Le casse di espansione di Fibbiana slittano a fine 2022

Slitta ancora il completamento delle casse di espansione di Fibbiana 1 e Fibbiana 2 sul fiume Arno, nei comuni di Montelupo Fiorentino e di Capraia e Limite (Firenze), destinate a ridurre il rischio idraulico dell'Empolese.

Neppure i commissari nominati dal presidente della Giunta regionale (prima Antonio Cinelli, scelto nel settembre 2017 e revocato nel febbraio 2019, poi Cesare Calocchi che lo ha sostituito) sono riusciti ad accelerare i tempi di realizzazione dell'opera, il più grosso intervento realizzato sul bacino empolese dell'Arno dal Dopoguerra a oggi.

Le casse di espansione dovevano essere completate inizialmente entro marzo 2019, poi entro luglio 2021 e ora - come prevede una delibera della Giunta regionale che conferisce un nuovo mandato al commissario Calocchi - il termine per concludere gli interventi, compresi i collaudi, è il 31 dicembre 2022, dunque tra un anno.

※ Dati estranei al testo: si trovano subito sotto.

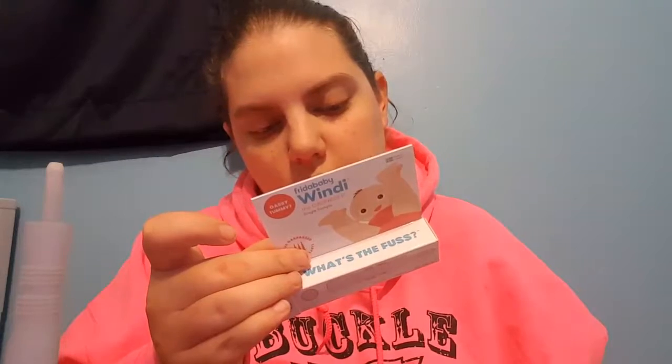My next product is called the Windy. It looks like this out of the package, and it's to help relieve gas. You lube the Windy tip — they suggest coconut oil — lift legs, have a diaper ready, trust us it could get messy. Gently insert the Windy just like a rectal thermometer, listen for a whistle. It should only take a few seconds to relieve gas in their bellies.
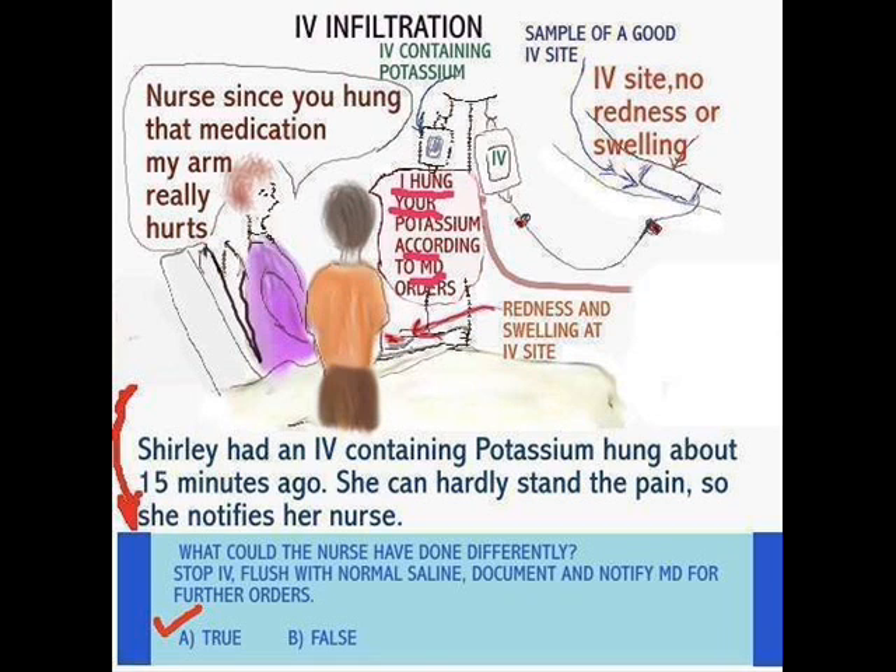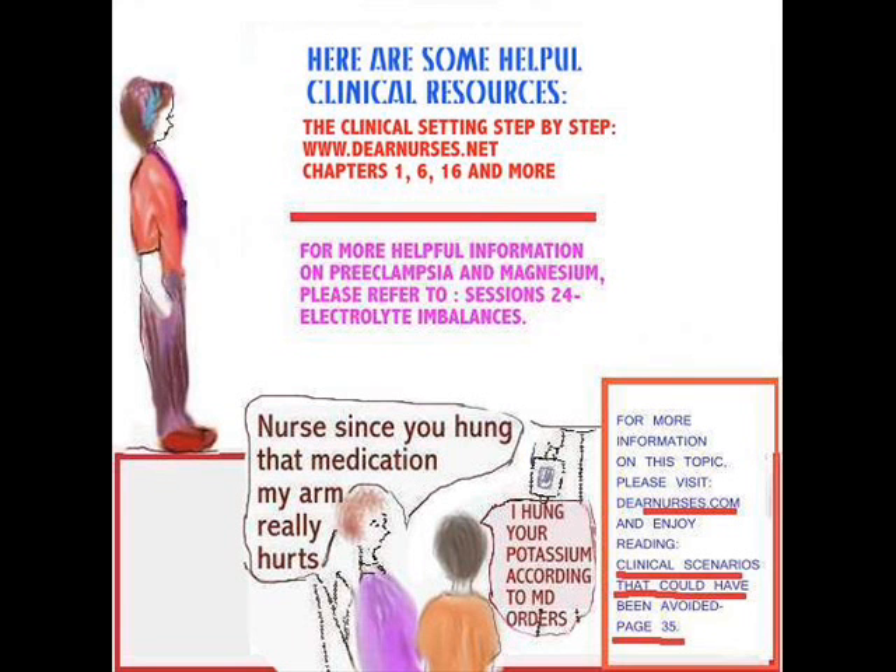If you would like to know more about electrolyte imbalances, you might want to try the clinical setting step-by-step, chapters 1, 6, and 16 — and if you rummage through the whole book, you'll see there are more chapters. For more about preeclampsia and magnesium, I suggest you try session 24 on electrolyte imbalances. And of course, there are clinical scenarios that could have been avoided, which you will find at dearnurses.com. There are many different scenarios about clinical situations that could have been avoided.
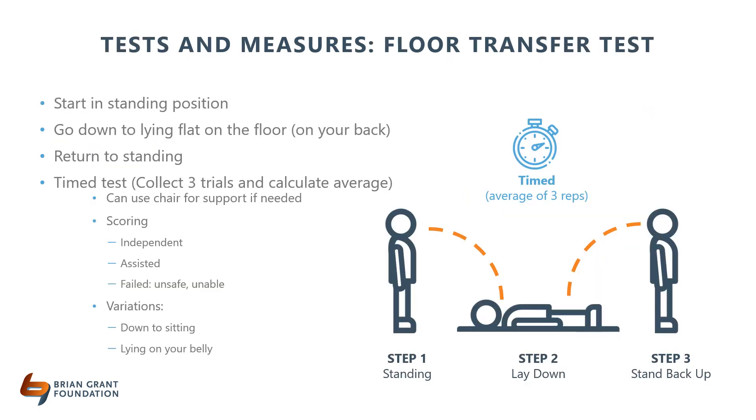The last test is the floor transfer test. Your client starts in a standing position, comes down to the floor where they will lie flat on their back, and then comes back up to standing. Ideally the test is timed three times. You can modify this test to use support like a chair, or vary the position so your client comes down onto their stomach. One study found that if people were able to do this independently, they were considered non-frail.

I motivi indicati sono l'aumento della complessità dell'opera, che ha portato a un aumento dei costi di realizzazione e, da ultimo, la pandemia.

Ancora una volta, il rischio idraulico in Toscana non è un problema di risorse ma di procedure: riuscire a rispettare i tempi previsti è quasi sempre impossibile (si veda qui l'articolo di Toscana24 'Frane e alluvioni: il tesoretto non speso' ).